Monday, March 24, 2008

A Bizarre Endorsement

If you were reading NRO during the GOP primary contest this year you may have come across an article or two from GOP lawyer Douglas Kmiec.  He was a prominently featured supporter of Romney, asserting (in an unenviable square-off with Steven Calabresi) that Romney was a better choice for originalists than McCain.  Well, with Romney long out of the race Kmiec has finally come around and made a replacement endorsement:

Today I endorse Barack Obama for president of the United States. I believe him to be a person of integrity, intelligence, and genuine good will. I take him at his word that he wants to move the nation beyond its religious and racial divides and that he wants to return the United States to that company of nations committed to human rights.

Perhaps most odd is that Kmiec basically admits that a President Obama would be a strong opponent of conservatism and originalism:

As a Republican, I strongly wish to preserve traditional marriage not as a suspicion or denigration of my homosexual friends but as recognition of the significance of the procreative family as a building block of society. As a Republican and as a Catholic, I believe life begins at conception, and it is important for every life to be given sustenance and encouragement. As a Republican, I strongly believe that the Supreme Court of the United States must be fully dedicated to the rule of law and to the employ of a consistent method of interpretation that keeps the court within its limited judicial role. As a Republican, I believe problems are best resolved closest to their source and that we should never arrogate to a higher level of government that which can be more effectively and efficiently resolved below. As a Republican and a constitutional lawyer, I believe religious freedom does not mean religious separation or mindless exclusion from the public square.

In various ways, Sen.
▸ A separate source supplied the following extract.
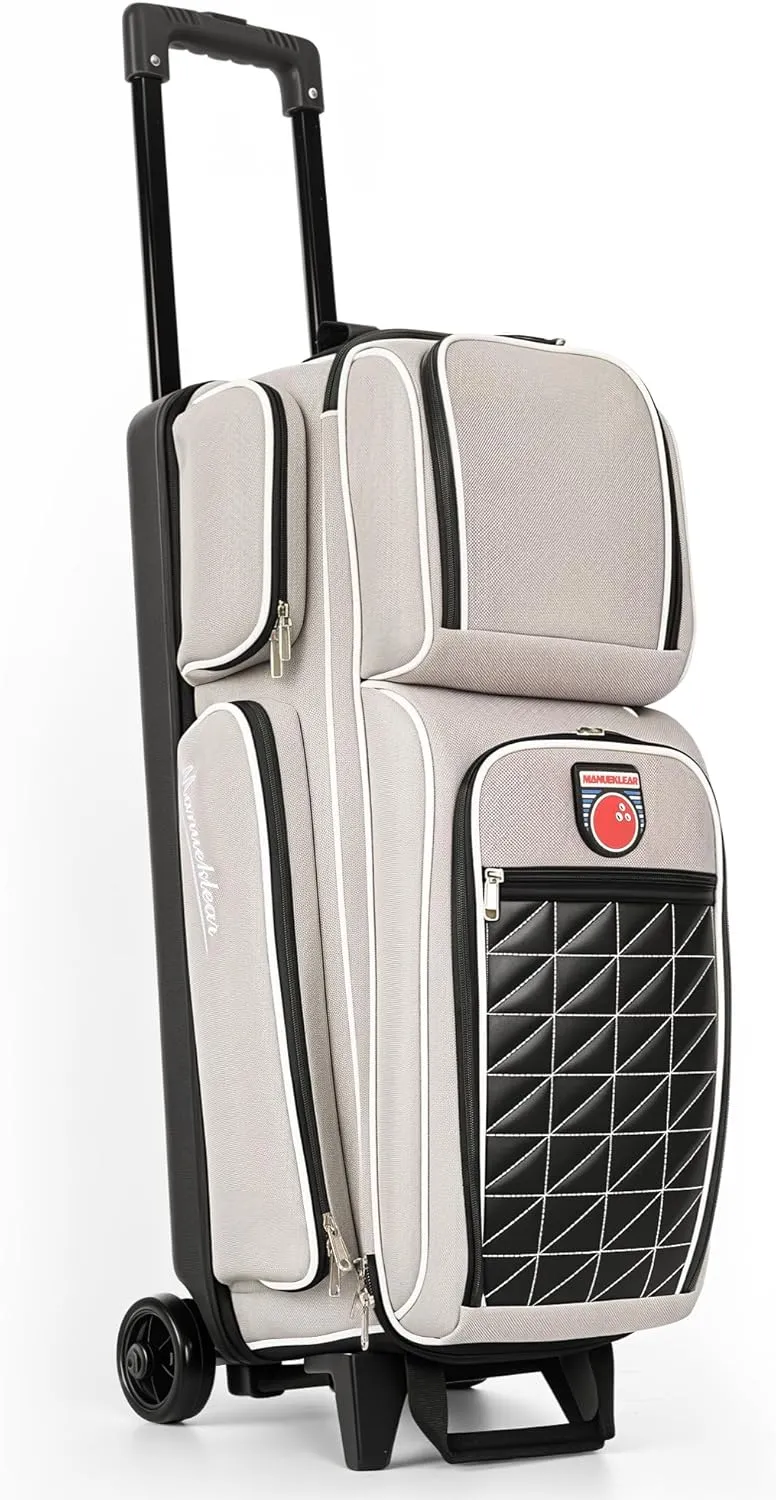 MANUEKLEAR 3 Ball Bowling Bags with Wheels, Bowling Ball Bag 3 Ball Roller with Accessory Pockets and Shoe Compartment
Barack Obama and I may disagree on aspects of these important fundamentals, but I am convinced, based upon his public pronouncements and his personal writing, that on each of these questions he is not closed to understanding opposing points of view and, as best as it is humanly possible, he will respect and accommodate them.

Now, Kmiec's endorsement is actually not much of a surprise: he's been saying some bizarre things on the net about Obama in the last couple of months.  Still, it's difficult to understand how a man who didn't support McCain because he was (allegedly) insufficiently committed to appointing originalist judges could now endorse Obama, and his post offers little justification (other than his entirely lame and milquetoast "he is not closed to understanding opposing points of view" comment) on the matter.